Purpose In hormone receptor-positive, human epidermal growth factor receptor 2–negative metastatic breast cancer (HR+ HER2–MBC), the mainstay treatment options include cyclin-dependent kinase 4/6 inhibitors (CDK4/6i) and everolimus (EVE) in combination with endocrine treatment. This study aims to compare the outcomes of the following treatment sequences: CDK4/6i followed by EVE and EVE followed by CDK4/6i.
Materials and Methods Data from HR+ HER2– MBC patients treated between January 2014 and November 2020 with both CDK4/6i and EVE were retrospectively analyzed.
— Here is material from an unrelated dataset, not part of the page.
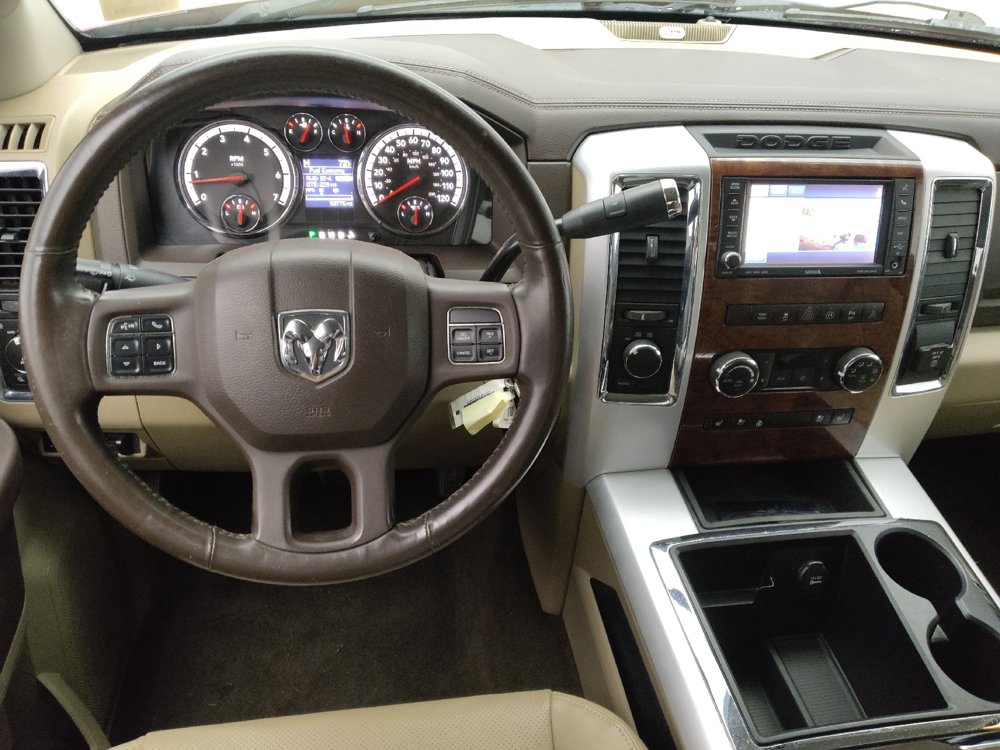 Used 2012 RAM 2500 Laramie w/ HD Snow Plow Prep Group image 22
Results Among the 88 patients included in the study, 51 received CDK4/6i before EVE (C→E group), and 37 received EVE before CDK4/6i (E→C group) with endocrine treatment. More patients in the E→C group had endocrine resistance (13.7% vs. 40.5%), experienced palliative chemotherapy (7.8% vs. 40.5%), and were heavily treated (treated as ≥ 3rd line, 5.9% vs. 40.5%). Median overall survival was 46.8 months in the C→E group and 38.9 months in the E→C group (p=0.151). Median composite progression-free survival (PFS), defined as the time from the start of the preceding regimen to disease progression on the following regimen or death, was 24.8 months in the C→E group vs. 21.8 months in the E→C group (p=0.681). Median PFS2/PFS1 ratio did not differ significantly between groups (0.5 in the C→E group, 0.6 in the E→C group; p=0.775). Ten patients (11.4%) discontinued EVE, and two patients (2.3%) discontinued CDK4/6i during treatment.
Conclusion Although the CDK4/6i-based regimen should be considered as an earlier line of treatment, CDK4/6i- and EVE-based treatments can be valid options in circumstances where the other treatment had been already given.